When you reach a picture, leave it out; output everything else in the records exactly.

▸ **SOURCE RECORDS**
• • • •
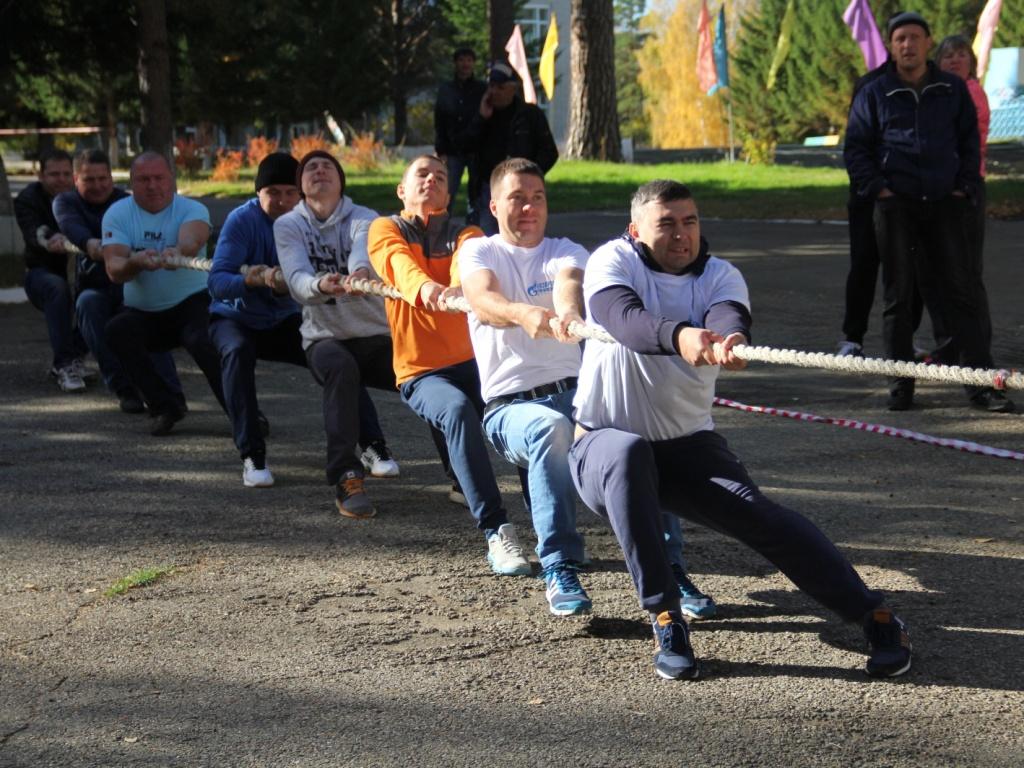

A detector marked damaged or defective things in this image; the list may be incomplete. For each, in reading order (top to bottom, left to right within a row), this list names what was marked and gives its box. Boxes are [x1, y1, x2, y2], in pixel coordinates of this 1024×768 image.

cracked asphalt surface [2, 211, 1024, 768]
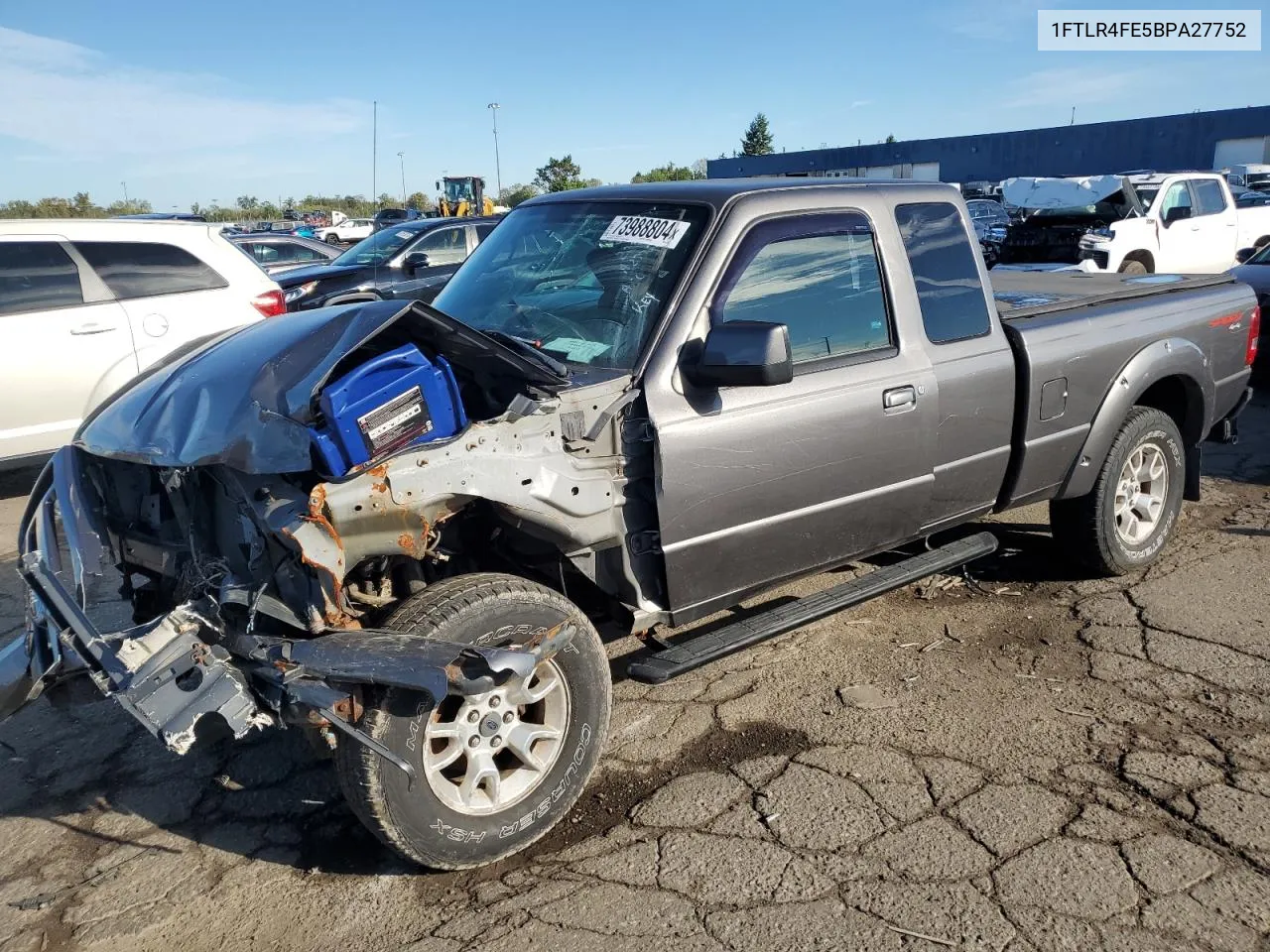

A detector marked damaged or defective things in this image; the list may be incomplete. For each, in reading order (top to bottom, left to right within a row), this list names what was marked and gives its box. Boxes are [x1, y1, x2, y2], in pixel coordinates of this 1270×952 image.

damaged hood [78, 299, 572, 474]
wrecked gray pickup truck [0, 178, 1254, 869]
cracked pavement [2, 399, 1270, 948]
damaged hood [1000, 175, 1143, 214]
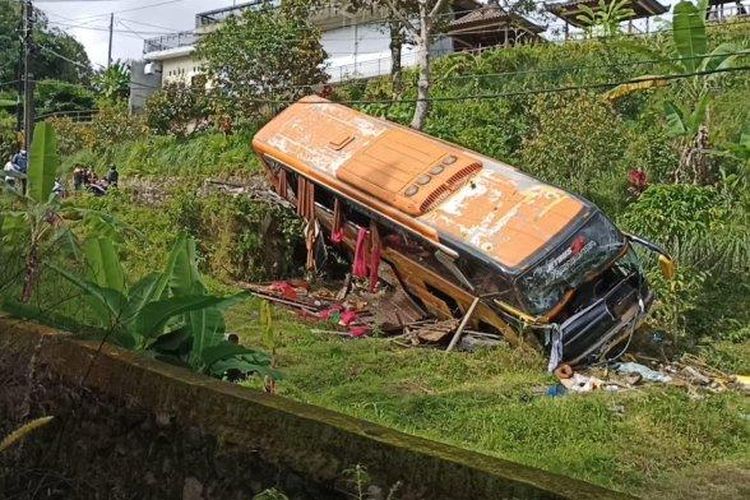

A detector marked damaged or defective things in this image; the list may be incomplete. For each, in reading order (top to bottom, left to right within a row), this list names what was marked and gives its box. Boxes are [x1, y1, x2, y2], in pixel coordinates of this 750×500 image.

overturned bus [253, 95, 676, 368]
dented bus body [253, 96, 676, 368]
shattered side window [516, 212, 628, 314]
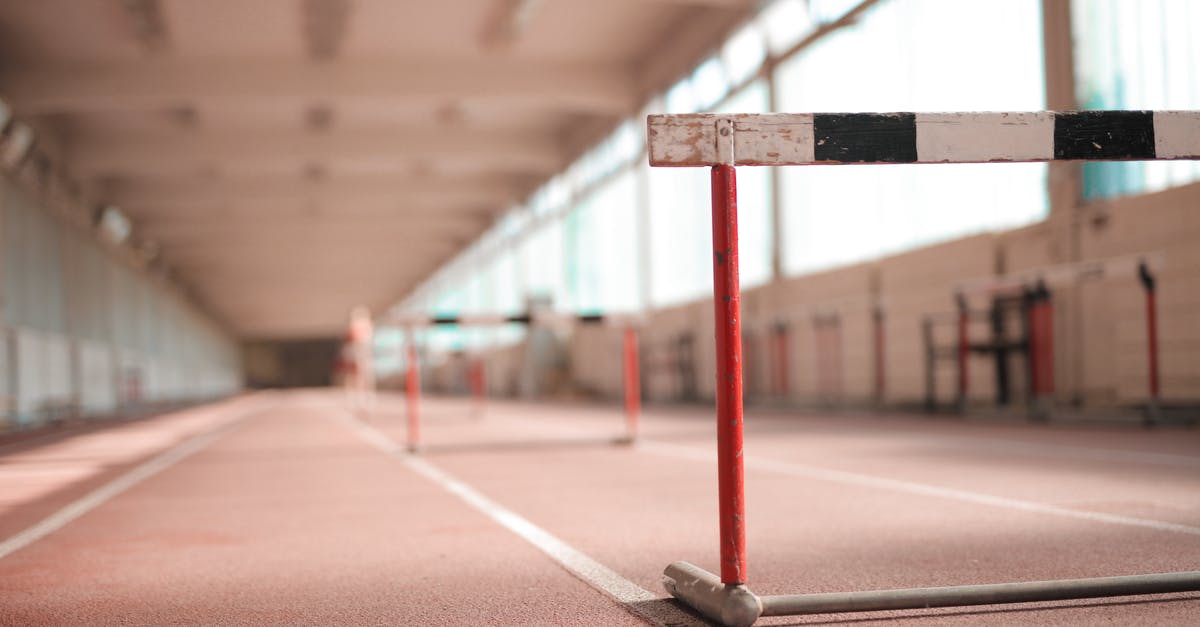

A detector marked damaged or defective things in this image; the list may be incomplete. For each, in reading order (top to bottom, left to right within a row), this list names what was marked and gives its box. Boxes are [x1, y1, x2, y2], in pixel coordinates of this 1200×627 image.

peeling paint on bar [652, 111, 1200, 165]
• • • •
▸ **TASK ANSWER**
A detector marked damaged or defective things in this image; the list may be incomplete. For each, in reading order (top to bottom, left to right within a row), this list names what was marked and gives its box. Boxes are [x1, y1, x2, y2], in pixel coordinates of this 1024×768 image.

cracked asphalt surface [2, 211, 1024, 768]

A detector marked damaged or defective things in this image; the list may be incomplete. For each, in reading order (top to bottom, left to right within a row), this list names what was marked and gives its box. Boxes are [x1, y1, x2, y2], in pixel coordinates of this 1270×952 image.

damaged hood [78, 299, 572, 474]
wrecked gray pickup truck [0, 178, 1254, 869]
cracked pavement [2, 399, 1270, 948]
damaged hood [1000, 175, 1143, 214]

A detector marked damaged or defective things in this image; the list may be incomplete. For each, in reading order (top to bottom, left to right within a row), this list names what was marked and gives its box. Boxes are [x1, y1, x2, y2], in pixel coordinates of this 750×500 image.

overturned bus [253, 95, 676, 368]
dented bus body [253, 96, 676, 368]
shattered side window [516, 212, 628, 314]

A detector marked damaged or defective things in this image; the list may be incomplete. For each, in reading order (top to bottom, left to right within a row), this list names what was marked and gives its box. Boxes are [x1, y1, x2, y2], in pixel coordinates of this 1200×627 image.

peeling paint on bar [652, 111, 1200, 165]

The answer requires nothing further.